### Instructions to follow
Select from the records below every line that has the word "https" in it.
Exercise inputs Block Start
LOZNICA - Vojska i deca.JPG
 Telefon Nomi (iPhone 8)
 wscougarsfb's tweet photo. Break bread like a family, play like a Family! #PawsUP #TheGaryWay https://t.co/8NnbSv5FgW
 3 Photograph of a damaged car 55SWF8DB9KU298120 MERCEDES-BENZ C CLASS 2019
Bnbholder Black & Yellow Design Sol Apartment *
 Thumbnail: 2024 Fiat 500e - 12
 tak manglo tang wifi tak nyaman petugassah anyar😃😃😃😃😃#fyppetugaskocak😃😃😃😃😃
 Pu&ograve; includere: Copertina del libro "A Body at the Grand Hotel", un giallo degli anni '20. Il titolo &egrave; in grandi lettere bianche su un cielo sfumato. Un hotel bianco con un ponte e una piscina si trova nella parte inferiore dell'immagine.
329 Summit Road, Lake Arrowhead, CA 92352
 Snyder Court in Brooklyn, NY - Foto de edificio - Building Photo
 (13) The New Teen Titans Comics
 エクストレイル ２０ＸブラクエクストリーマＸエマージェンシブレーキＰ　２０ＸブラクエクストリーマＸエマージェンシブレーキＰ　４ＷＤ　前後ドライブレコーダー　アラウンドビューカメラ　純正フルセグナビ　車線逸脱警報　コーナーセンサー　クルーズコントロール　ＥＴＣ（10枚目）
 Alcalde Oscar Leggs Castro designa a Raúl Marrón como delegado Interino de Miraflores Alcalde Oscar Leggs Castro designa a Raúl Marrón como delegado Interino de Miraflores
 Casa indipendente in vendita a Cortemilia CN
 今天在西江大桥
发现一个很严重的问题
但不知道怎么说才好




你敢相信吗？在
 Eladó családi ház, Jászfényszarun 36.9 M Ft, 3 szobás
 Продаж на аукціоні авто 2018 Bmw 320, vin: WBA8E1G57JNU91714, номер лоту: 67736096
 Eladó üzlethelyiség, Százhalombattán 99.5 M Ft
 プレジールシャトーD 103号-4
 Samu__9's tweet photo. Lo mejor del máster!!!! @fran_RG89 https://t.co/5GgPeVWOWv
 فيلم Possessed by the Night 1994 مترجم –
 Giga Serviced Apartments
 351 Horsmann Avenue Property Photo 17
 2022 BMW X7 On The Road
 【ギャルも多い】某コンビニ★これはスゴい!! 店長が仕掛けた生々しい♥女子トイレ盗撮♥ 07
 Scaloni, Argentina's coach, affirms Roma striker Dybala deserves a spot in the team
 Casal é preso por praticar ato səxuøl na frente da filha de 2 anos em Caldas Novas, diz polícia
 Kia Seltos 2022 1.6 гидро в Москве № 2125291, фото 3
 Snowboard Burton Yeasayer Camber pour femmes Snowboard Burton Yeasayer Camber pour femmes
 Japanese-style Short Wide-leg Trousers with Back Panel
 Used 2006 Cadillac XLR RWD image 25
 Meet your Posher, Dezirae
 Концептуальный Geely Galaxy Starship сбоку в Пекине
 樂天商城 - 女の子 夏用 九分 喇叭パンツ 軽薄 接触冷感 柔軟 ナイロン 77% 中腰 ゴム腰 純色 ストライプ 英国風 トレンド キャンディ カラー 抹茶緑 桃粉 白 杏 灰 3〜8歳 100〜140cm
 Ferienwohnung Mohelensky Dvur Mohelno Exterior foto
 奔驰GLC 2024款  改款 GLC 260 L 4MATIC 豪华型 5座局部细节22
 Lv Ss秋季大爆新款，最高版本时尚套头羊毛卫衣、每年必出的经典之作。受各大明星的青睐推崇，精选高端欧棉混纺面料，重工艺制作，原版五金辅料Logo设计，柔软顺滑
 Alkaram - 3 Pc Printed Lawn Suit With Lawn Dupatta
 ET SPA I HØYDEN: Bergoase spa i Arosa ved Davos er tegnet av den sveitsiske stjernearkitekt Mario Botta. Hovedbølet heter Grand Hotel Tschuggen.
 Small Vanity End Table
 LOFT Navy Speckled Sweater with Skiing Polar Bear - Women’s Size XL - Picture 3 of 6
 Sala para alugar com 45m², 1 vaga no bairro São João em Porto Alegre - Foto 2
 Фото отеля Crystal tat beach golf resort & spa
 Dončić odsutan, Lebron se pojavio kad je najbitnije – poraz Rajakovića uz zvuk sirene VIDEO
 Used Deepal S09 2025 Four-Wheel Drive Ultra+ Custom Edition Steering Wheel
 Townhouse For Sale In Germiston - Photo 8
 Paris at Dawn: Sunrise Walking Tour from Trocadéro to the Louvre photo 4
Exercise inputs Block End
### Answer area
 wscougarsfb's tweet photo. Break bread like a family, play like a Family! #PawsUP #TheGaryWay https://t.co/8NnbSv5FgW
 Samu__9's tweet photo. Lo mejor del máster!!!! @fran_RG89 https://t.co/5GgPeVWOWv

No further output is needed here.